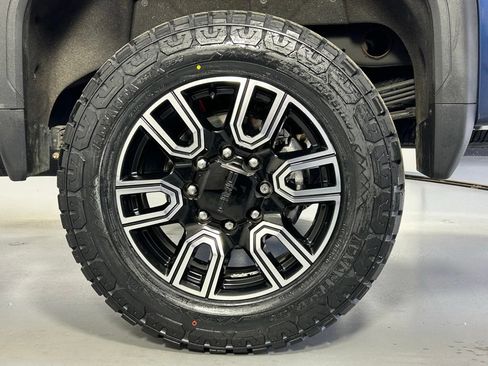 Used 2020 GMC Sierra 2500 AT4 w/ AT4 Premium Package AWD/4WD image 40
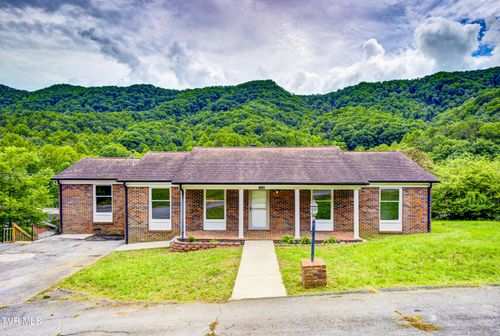 109 Benton Dr, Gate City, VA, 24251-2846 | Card Image
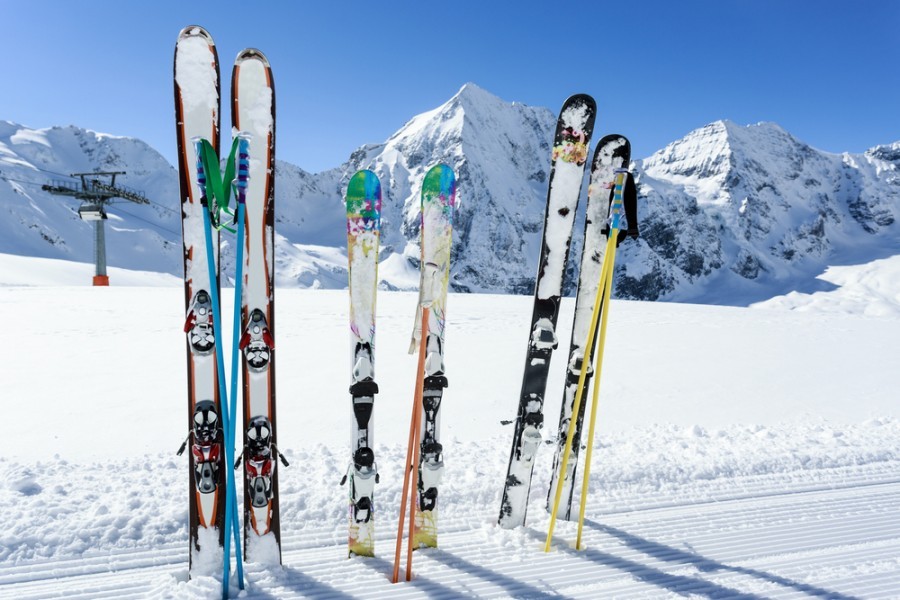 Qu'est-ce que le surmoulage ski ? 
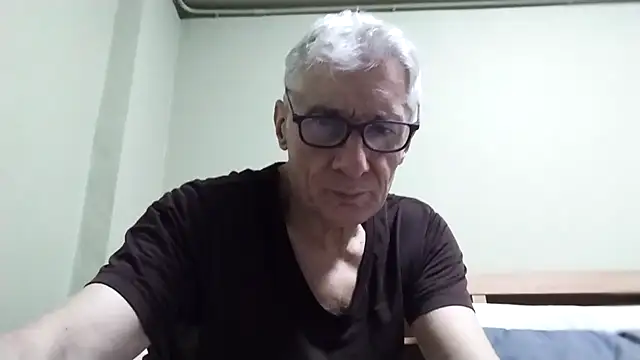 Snapshot of BIGUNCUTHARDCOCK chatting on October 16, 2:36 pm BIGUNCUTHARDCOCK online show from October 16, 2:36 pm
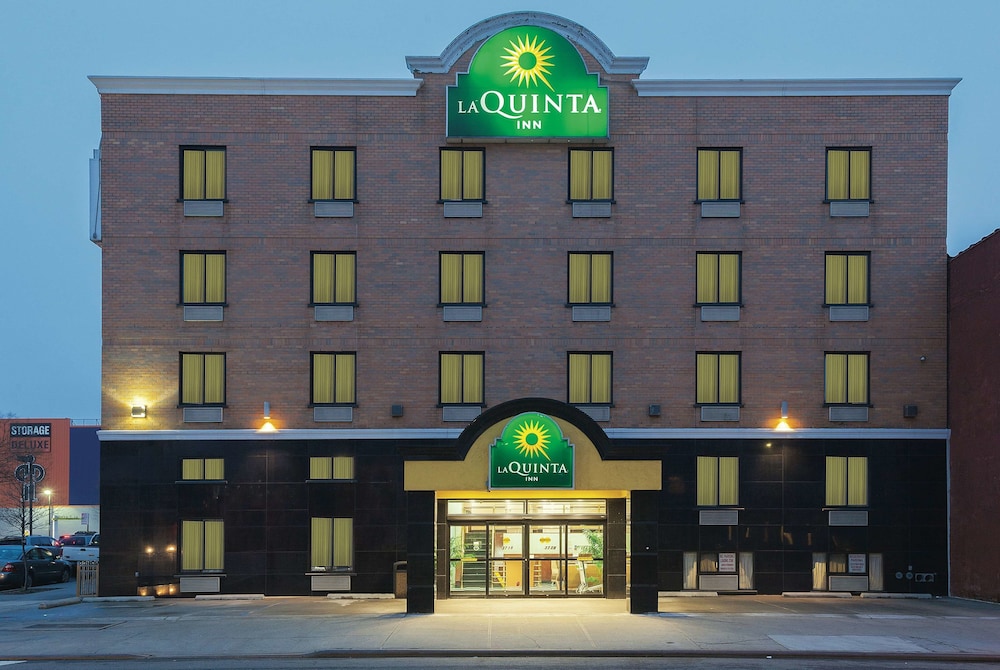 La Quinta Inn Queens New York City in Long Island City, United States
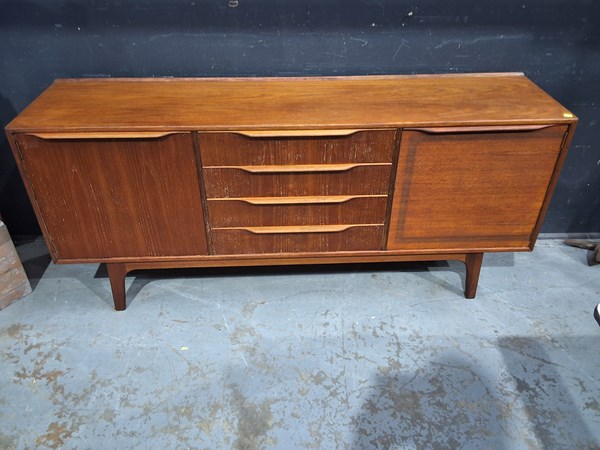 Lot 330 - SIDEBOARD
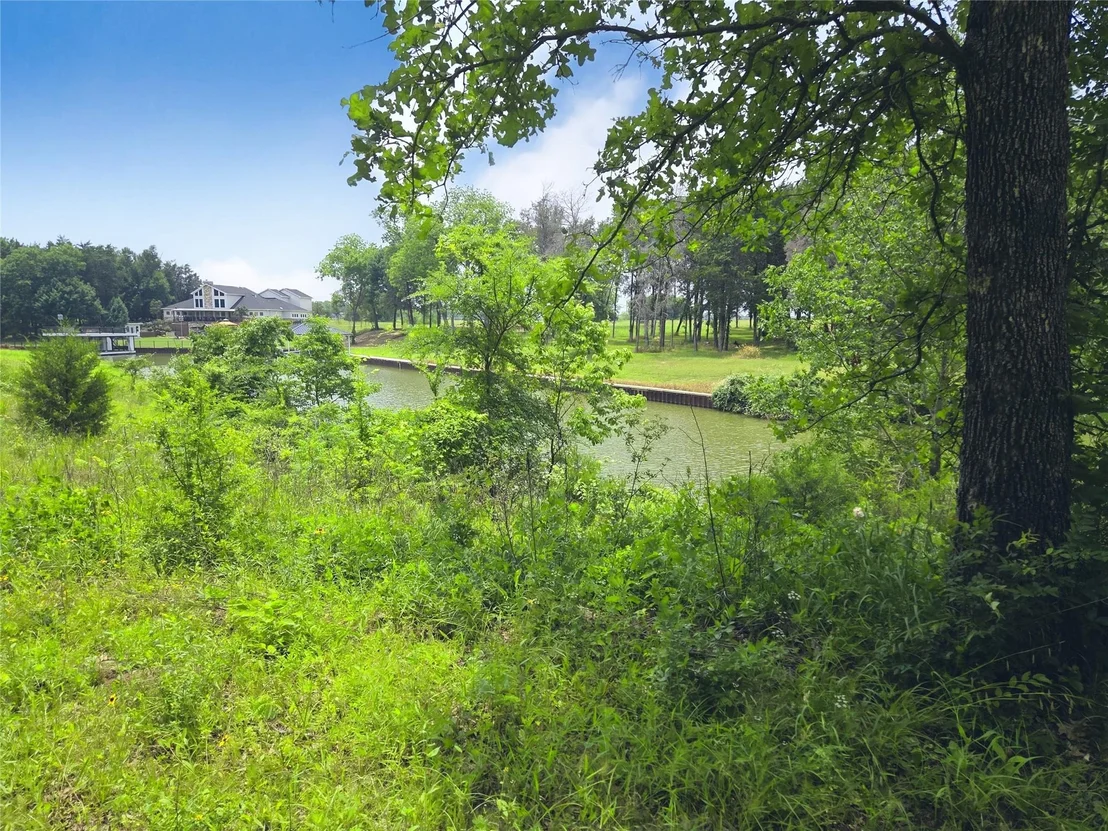 Photo of 442 Waters Edge Drive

########

Transcribe exactly the lines that go from the one holding "La Quinta Inn" through the last line of the entries, both included, and nothing besides them. Do not include any pictures.

■ **RESPONSE**
 La Quinta Inn Queens New York City in Long Island City, United States
 Lot 330 - SIDEBOARD
 Photo of 442 Waters Edge Drive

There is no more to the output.